After more or less six months in Salamanca I started to evolve a problem with sleeping and I could go to bed feeling like sleepwalking with eyelids as heavy as two giant rocks, but I didn’t fall asleep. I could lay there in bed for hours, really tired and with only a huge wish to sleep in my head. Sleep, please sleep. But it didn’t happen. Some nights I didn’t sleep at all, and the next day I would be awake and happy in the morning, a bit more sleepy during midday, really tired in the evening, and very tired at night, but still I wouldn’t fall asleep until hours were spent awake in bed with lights off and no sound to disturb. After a while I got some sleepingpills from the doctor and later on from my teacher, but they only worked in the beginning – after a while I couldn’t feel the difference anymore, in contrast of when I started on them, took one and fell asleep after five minutes snoring as hell. It was really disturbing and ruined a lot for me my last months at school, but when I quit morning-classes and only did the course for my exam it helped a bit, because then I started school at four and not early morning (the early part is up for discussion by the way). The sleepless nights continued though, and I found a new solution. I’m not proud of it, and I’m glad I managed to stop before it got out of hand, but I drank alcohol to sleep almost every night. In the beginning only one beer, or two, but after a while I needed more to be tired so I started with Vodka. I didn’t think about it being a problem at all – I was just happy being able to sleep like a baby again without having headaches or a bad stomach the day after, until one day after the exam were done when I hadn’t had alcohol for a while. I was walking around thinking, and then I realized it; If I don’t stop I’ll be an alcoholic. I don’t think it was that bad, but just the thought scared me a lot, me, on my way to alcoholism? The more I thought about it, I figured out that I didn’t only drink to sleep anymore, I drank because I had a need for alcohol. If I didn’t drink I had that weird feeling in my body that needed more. I started to get addicted, and I didn’t want to be that, so I stopped even though the sleepingproblems came back piece by piece.
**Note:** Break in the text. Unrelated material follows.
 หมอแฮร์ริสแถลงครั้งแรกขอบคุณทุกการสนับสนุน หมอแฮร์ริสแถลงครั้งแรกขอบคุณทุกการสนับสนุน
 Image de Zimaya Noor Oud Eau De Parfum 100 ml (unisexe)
I started to think I could handle it in a different way, but it was still hard.
Now I can look back at this period as something I’m never going back to, and that’s why I don’t drink that much now a days (yes I’ve been lying to you people, I can drink even though I work – I’m just scared of it), so I can, gradually, get rid of the scary feeling drinking alcohol gives me at this time and actually be able to have two beers without wanting another liter.
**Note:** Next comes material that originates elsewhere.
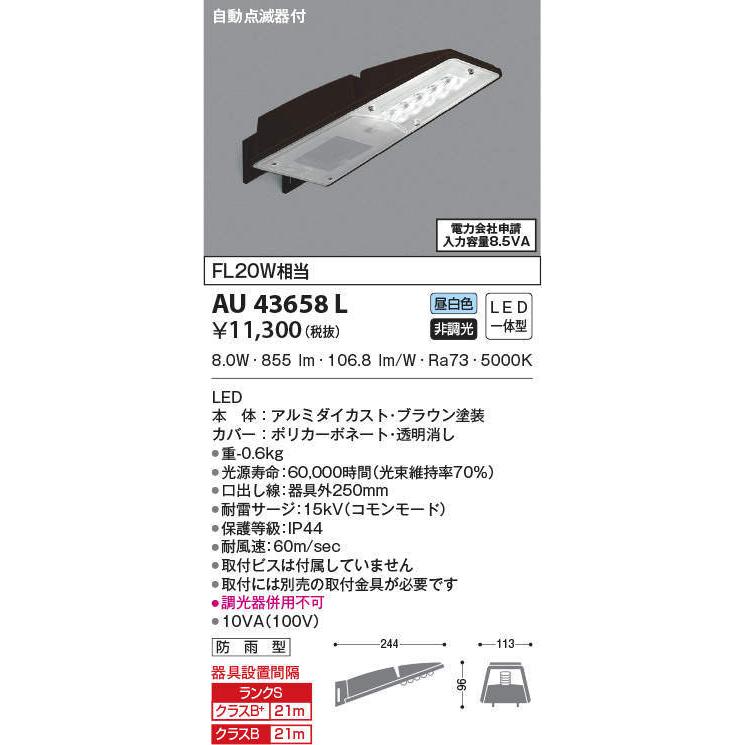 AU43658L コイズミ照明 防犯灯[自動点滅器付](LED、8.0W、昼白色)｜nagamono-taroto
Why am I telling you this? Because I think there is a solution. Like I told you I watched “The Secret” a few weeks ago, and after that I haven’t had troubles sleeping at all. How? You have to be positive, and trust me, I know how hard it can be but when you feel the results it just gets easier and easier. I started easy; closed my eyes during the day and watched myself sleeping like a rock when I got to bed, thought that I could do this, that it would work if I told myself it would. And the amazing part is – IT WORKS. I know there’s a lot of people out there who don’t believe in this, but it wouldn’t hurt trying would it? There’s nothing to lose, and I know that everyone deep down wanna be able to smile out of nothing, it’s human. Enough sleep makes you happier, and if you have a problem sleeping it’s gonna make you smile thinking that you can sleep whenever you want. It might take a while before the results shows up, but I want you to at least try, like I said – you have nothing to lose.